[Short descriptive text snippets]
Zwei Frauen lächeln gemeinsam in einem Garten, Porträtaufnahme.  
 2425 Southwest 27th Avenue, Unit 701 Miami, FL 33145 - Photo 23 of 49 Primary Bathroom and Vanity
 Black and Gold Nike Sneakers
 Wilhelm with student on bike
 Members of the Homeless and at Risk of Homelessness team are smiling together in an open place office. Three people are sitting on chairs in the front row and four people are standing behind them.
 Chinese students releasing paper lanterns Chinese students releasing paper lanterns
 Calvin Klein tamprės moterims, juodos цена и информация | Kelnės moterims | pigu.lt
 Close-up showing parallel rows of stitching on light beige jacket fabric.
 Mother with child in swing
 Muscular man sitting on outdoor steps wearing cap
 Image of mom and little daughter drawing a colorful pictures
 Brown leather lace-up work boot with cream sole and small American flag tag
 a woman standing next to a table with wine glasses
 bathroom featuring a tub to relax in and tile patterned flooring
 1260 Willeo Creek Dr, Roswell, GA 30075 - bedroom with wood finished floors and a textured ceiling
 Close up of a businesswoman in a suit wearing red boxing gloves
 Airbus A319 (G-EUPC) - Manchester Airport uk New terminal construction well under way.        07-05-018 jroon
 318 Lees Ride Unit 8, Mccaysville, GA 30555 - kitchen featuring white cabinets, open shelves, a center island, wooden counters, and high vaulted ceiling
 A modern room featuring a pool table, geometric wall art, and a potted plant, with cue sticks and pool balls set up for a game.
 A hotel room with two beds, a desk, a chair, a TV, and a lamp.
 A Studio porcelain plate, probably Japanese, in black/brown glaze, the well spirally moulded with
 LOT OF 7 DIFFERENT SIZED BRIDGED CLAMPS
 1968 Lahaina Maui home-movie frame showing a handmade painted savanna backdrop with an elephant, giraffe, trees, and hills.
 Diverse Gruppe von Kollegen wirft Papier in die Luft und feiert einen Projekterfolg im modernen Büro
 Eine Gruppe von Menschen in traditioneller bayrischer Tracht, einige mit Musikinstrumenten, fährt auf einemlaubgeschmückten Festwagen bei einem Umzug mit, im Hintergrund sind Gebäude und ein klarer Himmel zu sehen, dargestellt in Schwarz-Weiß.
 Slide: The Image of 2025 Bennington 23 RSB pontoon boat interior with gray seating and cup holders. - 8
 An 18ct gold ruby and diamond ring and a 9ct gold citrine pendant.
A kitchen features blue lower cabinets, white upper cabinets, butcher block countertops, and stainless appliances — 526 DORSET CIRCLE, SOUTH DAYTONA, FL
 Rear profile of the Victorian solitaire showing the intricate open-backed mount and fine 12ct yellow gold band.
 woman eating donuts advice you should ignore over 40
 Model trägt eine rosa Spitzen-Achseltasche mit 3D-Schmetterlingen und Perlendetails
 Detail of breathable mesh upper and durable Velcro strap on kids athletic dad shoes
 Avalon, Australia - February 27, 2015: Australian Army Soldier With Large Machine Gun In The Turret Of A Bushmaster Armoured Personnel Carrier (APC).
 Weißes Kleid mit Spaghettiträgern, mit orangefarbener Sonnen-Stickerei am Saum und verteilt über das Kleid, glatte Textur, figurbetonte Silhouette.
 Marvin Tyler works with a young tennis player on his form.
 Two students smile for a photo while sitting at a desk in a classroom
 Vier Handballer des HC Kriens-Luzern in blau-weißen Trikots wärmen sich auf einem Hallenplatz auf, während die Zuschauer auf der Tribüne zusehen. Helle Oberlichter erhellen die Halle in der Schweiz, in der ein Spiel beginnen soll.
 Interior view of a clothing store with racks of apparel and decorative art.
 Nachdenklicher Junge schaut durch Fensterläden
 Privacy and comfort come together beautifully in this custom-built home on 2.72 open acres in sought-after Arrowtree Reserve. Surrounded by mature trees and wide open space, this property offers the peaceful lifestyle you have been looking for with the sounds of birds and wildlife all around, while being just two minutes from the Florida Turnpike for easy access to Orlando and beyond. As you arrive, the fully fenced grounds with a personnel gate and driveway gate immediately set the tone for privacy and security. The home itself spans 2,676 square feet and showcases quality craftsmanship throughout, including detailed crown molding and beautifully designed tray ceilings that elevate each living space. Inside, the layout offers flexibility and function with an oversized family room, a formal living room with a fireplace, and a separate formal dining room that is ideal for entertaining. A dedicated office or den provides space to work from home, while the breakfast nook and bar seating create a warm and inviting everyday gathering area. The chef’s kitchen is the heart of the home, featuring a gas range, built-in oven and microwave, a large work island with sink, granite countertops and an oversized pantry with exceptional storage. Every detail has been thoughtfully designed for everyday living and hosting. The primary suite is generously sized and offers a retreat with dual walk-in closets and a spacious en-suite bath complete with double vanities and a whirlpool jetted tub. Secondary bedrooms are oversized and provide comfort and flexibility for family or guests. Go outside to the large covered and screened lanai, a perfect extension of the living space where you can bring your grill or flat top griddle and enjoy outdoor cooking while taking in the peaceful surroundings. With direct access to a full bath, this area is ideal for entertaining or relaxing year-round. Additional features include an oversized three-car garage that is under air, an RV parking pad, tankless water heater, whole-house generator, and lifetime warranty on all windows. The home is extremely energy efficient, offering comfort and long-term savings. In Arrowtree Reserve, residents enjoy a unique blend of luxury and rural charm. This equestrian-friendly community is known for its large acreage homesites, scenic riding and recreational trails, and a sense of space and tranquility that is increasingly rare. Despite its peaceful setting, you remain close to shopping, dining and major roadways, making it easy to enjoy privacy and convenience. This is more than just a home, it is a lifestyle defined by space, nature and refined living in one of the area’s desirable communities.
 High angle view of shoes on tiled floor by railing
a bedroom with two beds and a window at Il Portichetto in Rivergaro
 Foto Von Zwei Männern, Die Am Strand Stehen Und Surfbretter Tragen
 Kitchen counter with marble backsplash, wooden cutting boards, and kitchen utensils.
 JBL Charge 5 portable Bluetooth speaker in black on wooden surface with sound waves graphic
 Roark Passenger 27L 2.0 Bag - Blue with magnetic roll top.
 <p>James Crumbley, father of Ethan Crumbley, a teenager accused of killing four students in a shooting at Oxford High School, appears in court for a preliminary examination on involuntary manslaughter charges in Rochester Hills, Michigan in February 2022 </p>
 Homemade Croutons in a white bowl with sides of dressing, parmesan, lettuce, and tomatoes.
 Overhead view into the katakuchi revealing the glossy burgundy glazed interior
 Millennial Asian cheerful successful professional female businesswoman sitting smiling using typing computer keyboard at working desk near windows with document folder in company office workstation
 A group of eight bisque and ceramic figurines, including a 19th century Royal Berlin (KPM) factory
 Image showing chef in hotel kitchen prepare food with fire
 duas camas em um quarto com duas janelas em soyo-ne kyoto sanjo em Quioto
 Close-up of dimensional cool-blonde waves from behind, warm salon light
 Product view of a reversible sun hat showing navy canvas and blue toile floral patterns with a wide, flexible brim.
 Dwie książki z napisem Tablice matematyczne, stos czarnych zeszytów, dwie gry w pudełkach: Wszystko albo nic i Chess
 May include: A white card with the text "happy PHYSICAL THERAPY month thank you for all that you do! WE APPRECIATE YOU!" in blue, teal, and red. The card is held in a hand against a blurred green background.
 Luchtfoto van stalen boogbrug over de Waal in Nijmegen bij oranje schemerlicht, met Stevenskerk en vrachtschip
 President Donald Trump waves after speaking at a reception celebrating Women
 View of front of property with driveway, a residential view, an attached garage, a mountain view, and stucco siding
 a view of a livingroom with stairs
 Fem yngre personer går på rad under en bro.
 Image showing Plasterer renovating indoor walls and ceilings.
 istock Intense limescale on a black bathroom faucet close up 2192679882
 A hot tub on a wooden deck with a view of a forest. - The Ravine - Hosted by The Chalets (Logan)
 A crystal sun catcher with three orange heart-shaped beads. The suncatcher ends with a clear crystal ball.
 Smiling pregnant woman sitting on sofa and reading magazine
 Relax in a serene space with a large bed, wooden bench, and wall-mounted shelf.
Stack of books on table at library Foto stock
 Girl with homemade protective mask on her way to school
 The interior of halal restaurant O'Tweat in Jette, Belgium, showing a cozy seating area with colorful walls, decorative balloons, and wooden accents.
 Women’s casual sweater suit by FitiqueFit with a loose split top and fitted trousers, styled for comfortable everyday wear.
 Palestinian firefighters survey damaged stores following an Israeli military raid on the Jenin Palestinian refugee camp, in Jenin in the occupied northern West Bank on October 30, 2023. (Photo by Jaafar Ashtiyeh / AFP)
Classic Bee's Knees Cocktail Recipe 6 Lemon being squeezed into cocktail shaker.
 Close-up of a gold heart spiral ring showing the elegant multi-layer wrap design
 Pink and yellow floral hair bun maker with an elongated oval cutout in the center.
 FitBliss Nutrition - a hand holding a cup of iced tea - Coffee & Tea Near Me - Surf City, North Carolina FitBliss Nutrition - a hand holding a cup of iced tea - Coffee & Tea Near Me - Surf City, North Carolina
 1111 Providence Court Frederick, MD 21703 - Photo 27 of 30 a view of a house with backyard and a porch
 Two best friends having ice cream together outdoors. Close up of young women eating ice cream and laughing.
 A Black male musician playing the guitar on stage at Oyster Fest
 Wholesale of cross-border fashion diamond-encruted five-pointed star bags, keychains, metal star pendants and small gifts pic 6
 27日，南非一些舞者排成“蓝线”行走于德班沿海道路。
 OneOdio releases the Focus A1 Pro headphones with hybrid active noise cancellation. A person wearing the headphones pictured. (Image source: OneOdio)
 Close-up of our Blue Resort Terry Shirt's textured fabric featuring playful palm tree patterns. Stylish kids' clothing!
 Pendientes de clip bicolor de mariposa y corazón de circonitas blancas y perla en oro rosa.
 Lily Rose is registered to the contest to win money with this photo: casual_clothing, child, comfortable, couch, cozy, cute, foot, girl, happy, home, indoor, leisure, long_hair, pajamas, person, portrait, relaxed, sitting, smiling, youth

* Aim of the exercise *
Your answer should be the exact lines above from the one with "Model trägt eine" through the one with "Marvin Tyler works", both included, and nothing besides.

* Answer to this task *
 Model trägt eine rosa Spitzen-Achseltasche mit 3D-Schmetterlingen und Perlendetails
 Detail of breathable mesh upper and durable Velcro strap on kids athletic dad shoes
 Avalon, Australia - February 27, 2015: Australian Army Soldier With Large Machine Gun In The Turret Of A Bushmaster Armoured Personnel Carrier (APC).
 Weißes Kleid mit Spaghettiträgern, mit orangefarbener Sonnen-Stickerei am Saum und verteilt über das Kleid, glatte Textur, figurbetonte Silhouette.
 Marvin Tyler works with a young tennis player on his form.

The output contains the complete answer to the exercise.